I’m writing this in response1 to Lezlie Lowe’s article in the Chronicle Herald, “Language murky around sex assaults”:
“Someone is sexually assaulted. Someone is charged. The violence becomes news and a journalist must piece through her research to write a story. But that reporter, says Helen Lanthier, must attend to a whole lot more than just the so-called facts.
“‘I know there needs to be objectivity,’ says Lanthier, of Lunenburg’s Second Story Women’s Centre, ‘but what I would like to see is a discussion about the role of a reporter in the broader scheme.’2
“Lanthier is co-co-ordinator of Be The Peace. The advocacy project ends in March and Lanthier, and hundreds of community collaborators on Nova Scotia’s South Shore, are seeing the fruits of this concerted three-year effort to address violence against women.
“One change? Before Be The Peace, South Shore survivors had to travel to Halifax to connect with a sexual assault nurse examiner. Now there are 11 trained on the South Shore who collect specialized evidence after an assault.
“Notice, there, I didn’t say, after a woman alleges she’s been assaulted?
“‘Alleged’ and ‘alleges’ are overused words in reporting on sexual violence, Lanthier says. ‘It affects the survivor’s credibility.
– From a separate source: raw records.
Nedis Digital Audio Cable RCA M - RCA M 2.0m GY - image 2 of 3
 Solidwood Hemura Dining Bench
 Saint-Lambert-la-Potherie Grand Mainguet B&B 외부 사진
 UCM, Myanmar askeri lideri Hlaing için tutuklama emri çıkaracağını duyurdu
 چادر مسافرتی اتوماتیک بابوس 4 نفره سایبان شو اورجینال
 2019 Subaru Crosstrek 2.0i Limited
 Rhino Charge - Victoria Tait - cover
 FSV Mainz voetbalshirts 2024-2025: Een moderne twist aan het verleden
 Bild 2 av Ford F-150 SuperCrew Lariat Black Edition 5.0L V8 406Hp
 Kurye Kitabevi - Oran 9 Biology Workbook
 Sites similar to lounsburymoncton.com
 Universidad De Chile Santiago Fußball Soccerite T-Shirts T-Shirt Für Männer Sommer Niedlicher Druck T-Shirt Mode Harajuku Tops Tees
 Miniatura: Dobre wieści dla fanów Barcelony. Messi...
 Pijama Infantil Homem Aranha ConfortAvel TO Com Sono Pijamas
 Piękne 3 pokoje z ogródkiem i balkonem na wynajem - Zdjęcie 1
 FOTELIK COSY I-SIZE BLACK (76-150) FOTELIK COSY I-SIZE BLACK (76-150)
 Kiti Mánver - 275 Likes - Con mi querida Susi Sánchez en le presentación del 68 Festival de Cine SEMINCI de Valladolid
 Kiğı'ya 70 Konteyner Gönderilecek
It might imply that she’s lying.’
“In fact, there are no more false claims of sexual assault than any other crime. (Surprised? Then you’re probably buying into a common stereotype that women are manipulative and accuse wildly.)3
“Pay attention to news writing, Lanthier says, and you’ll notice the word ‘alleged’ blanketing sexual assault stories, especially in verb form — ‘Mary alleges’ — that casts doubt not only on the crime, but the survivor herself.
“Due process and the presumption of innocence is important, Lanthier says, but too often ‘what you’re left with is, “Oh my God, none of this is true.”‘”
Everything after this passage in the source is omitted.